U.S., India, Japan to meet after Obama's Asia "pivot"
WASHINGTON (Reuters) - The United States, India and Japan will hold their first trilateral meeting this month as Washington pushes ahead with its "pivot" toward Asia, where China's growing power has raised concern.
The State Department said the three countries would meet in Washington on December 19, represented by senior diplomats.
"This meeting is going to be an opportunity to hold comprehensive discussion on a range of Asia-Pacific regional issues," State Department spokesman Mark Toner told a news briefing.
"As the three leading Pacific democracies, we look forward to productive exchanges with India and Japan."
The meeting is the latest sign of the Obama administration's drive to push back against Chinese influence in the Asia-Pacific region and strengthen existing alliances.
President Barack Obama recently returned from an Asian tour that stressed U.S. interests in the region. Secretary of State Hillary Clinton last week visited Myanmar, offering the prospect of improved ties with a resource-rich country that analysts said had been seen as an economic and political satellite of Beijing.
The United States has also sought to consolidate relations with other regional powers, including Australia and Indonesia, in what U.S. officials described as a policy "pivot" toward Asia as wars in Iraq and Afghanistan wind down.
Political analysts said that while the three countries share a range of interests including on trade and nuclear issues, the primary focus of this month's meeting was likely to be China.
"China is the big strategic driver of the interest of all three sides but this builds on trends that we've seen for some time now," said Richard Fontaine, a senior adviser at the Center for a New American Security think-tank.
India and Japan both have their own concerns about China, which is leveraging its economic strength to become more assertive and beef up its military, including eventually developing its own aircraft carrier.
Those concerns have been particularly pronounced in the South China Sea, where the United States has urged China not to allow competing territorial claims to jeopardize the security of waterways essential to Asian trade.
U.S. officials have emphasized that their aim is not to threaten China, but Beijing has reacted nervously and warned Washington not to take steps which could fan Cold War-style antagonism.

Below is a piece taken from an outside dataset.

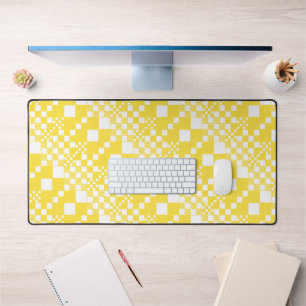 Checked, Checks in Lemon Yellow and White Desk Mat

The United States already has a strong security relationship with Japan, and has been working to develop similar ties with India, including forming a possible three-way security pact with New Delhi and Canberra.

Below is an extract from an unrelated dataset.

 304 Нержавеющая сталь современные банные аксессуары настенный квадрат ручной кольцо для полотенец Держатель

Fontaine said the three-way meeting could fan fears of "encirclement" in Beijing, which is embarking on a delicate period of political transition as Chinese President Hu Jintao prepares to hand off power to Vice President Xi Jinping in early 2013.
"From the Chinese standpoint they would see this as not particularly worrisome in and of itself, but as the latest piece of a developing pattern of behavior in the Indo-Pacific region," Fontaine said.